Speyer. Er war als Erzbischof von München Nachfolger von Kardinal Ratzinger, des späteren Papstes Benedikt XVI. Und eigentlich wollte Kardinal Friedrich Wetter, der 1928 im pfälzischen Landau geboren wurde, überhaupt nichts sagen zum Thema Missbrauch während seiner Amtszeit als Bischof von Speyer (1968 bis 1982). Es brauchte erst mehrere Anläufe und einen unangekündigten Besuch dieser Redaktion in München, ehe er sich am Samstag zehn Minuten Zeit nahm in der Lobby des Mutterhauses der Barmherzigen Schwestern im Stadtteil Laim.
Im vergangenen Dezember hatte der amtierende Bischof Karl-Heinz Wiesemann öffentlich gemacht, dass Wetters damaliger Generalvikar Rudolf Motzenbäcker sich mutmaßlich des vielfachen sexuellen Missbrauchs von Heimkindern aus der 100 Meter entfernten Engelsgasse schuldig gemacht habe. Darauf wiesen Berichte von Opfern unabhängig voneinander hin. Juristisch seien Missbrauchstaten heute verjährt, dennoch rief Wiesemann Betroffene auf, sich auch heute noch beim Bistum zu melden. Seither sind etwas mehr als 20 Briefe aus der gesamten Diözese eingegangen.

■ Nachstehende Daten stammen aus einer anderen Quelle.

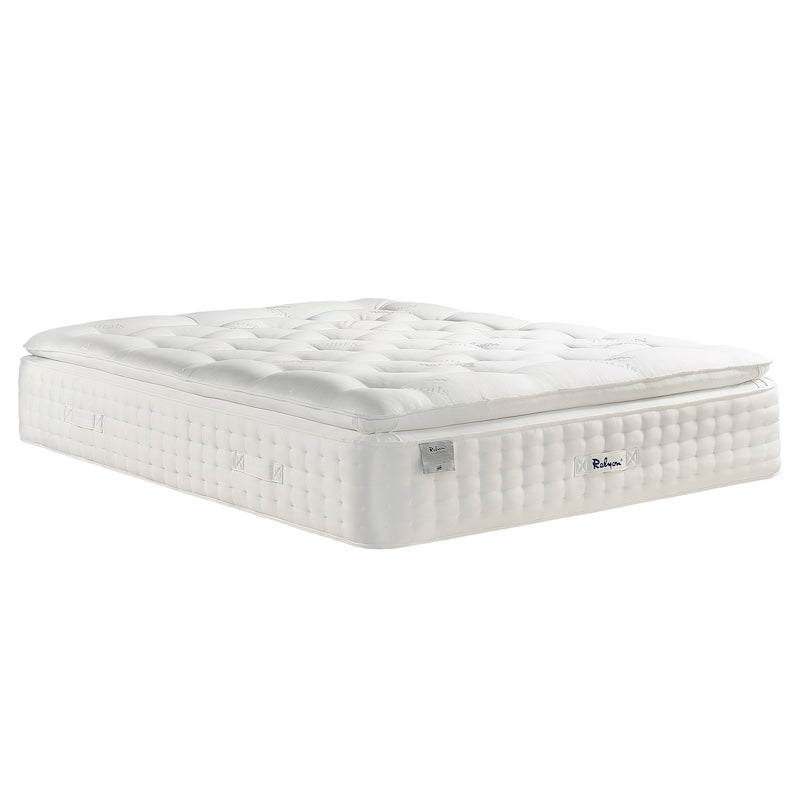 Relyon Henley Natural Luxury Pillowtop Mattress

Ziehsohn will nichts sagen
Wetter selbst lebte als Bischof in dieser Zeit direkt gegenüber des Doms mit Blick auch auf die Dienstwohnung von Rudolf Motzenbäcker am Edith-Stein-Platz, der dort nach Kenntnis dieser Redaktion auch junge männliche Mitbewohner hatte. Sicher ist, dass mindestens ein Kind aus der Engelsgasse später als sogenannter Ziehsohn im Haushalt des Generalvikars lebte – dies über einen längeren Zeitraum. Der damalige Junge, ein heute 60-jähriger Mann, der sich zu seiner Homosexualität bekennt (Name der Redaktion bekannt), will sich der Presse gegenüber nicht über diese Zeit äußern. Ehrfurchtsvoll nennt er Motzenbäcker nur „den Professor“.
Der damalige Bischof Wetter sagt, dass er keine Kenntnis habe von angeblichen Sexpartys, die ein Opfer Motzenbäckers beschreibt. Der Mann, der heute im Kreis Bergstraße in Südhessen lebt, macht die Ordensschwestern im Kinderheim gar für Zuhälterei verantwortlich, wofür es bisher aber keine hinreichenden Beweise gibt. Kardinal Wetter erinnert sich an eine Feierstunde mit Bürgermeister zu Ehren der Niederbronner Schwestern, in der man deren Wirken in der Stadt Speyer sehr gewürdigt habe.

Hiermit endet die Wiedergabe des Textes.